I say ‘trippy’ because I can’t figure if references to Tennessee Williams and depictions of post-war glass door fronts are meant to take the piss, or technical errors … and I don’t really care. Because so much of the fun for me as a Torontonian is the juxtaposition of the hard scrabble Newmarket of the past with the ignored bedroom community of today. It’d be interesting to hear what non-locals make of it.
The Other Ghost World
Speaking of juxtaposition, if I can just go back to Modan for a moment, there is a beautiful affecting scene where an old woman returns to her Warsaw neighbourhood. Sepia panels show it as it is in her memory.
Kids, as you get old, and the built environment changes, one begins to see the old world superimposed on the new. I call this psychological effect “ghost worlding”, my term for it even before the Clowes book (I’m not LaBeoufing him), and this is a lovely example of it.
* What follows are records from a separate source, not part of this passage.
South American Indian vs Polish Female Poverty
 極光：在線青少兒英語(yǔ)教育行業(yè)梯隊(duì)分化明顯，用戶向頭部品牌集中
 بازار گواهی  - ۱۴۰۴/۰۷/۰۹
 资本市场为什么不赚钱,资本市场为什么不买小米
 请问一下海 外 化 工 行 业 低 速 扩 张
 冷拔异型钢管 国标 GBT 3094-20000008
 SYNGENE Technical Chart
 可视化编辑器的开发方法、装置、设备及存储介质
I gave a 12-year-old nephew the third Scott Pilgrim book for Christmas, Death Note to a 15-year-old nephew, and The Wrong Place as a birthday present to a female friend in her late 30’s. Yes, I do like to spread the gospel about Brecht Evens, but also the current Chinese cartoonists working in a similar painterly style.
My wish for 2014 would be to see some of this stuff translated into English. Chinese comics don’t have the imposing histories that American, European and Japanese do, and they look incredibly free and fun and innovative. No clue what they’re saying though. But like a great pop song in another language I’m still able to dig it.
I first saw her comics in the Don’t Touch Me anthologies years ago, and I’ve been champing to see a full graphic novel from Nina Bunjevac ever since. This is the year it happens! She’s been leaking gorgeous panels from Fatherland on Facebook.
Bunjevac is up there with Drew Friedman and Bernie Wrightson in technical proficiency. Her black and white art glows, crackles, flows or anything else she needs it to do. The woman doesn’t ink – she conjures. Matched with a truly shocking family history this book will be mandatory reading.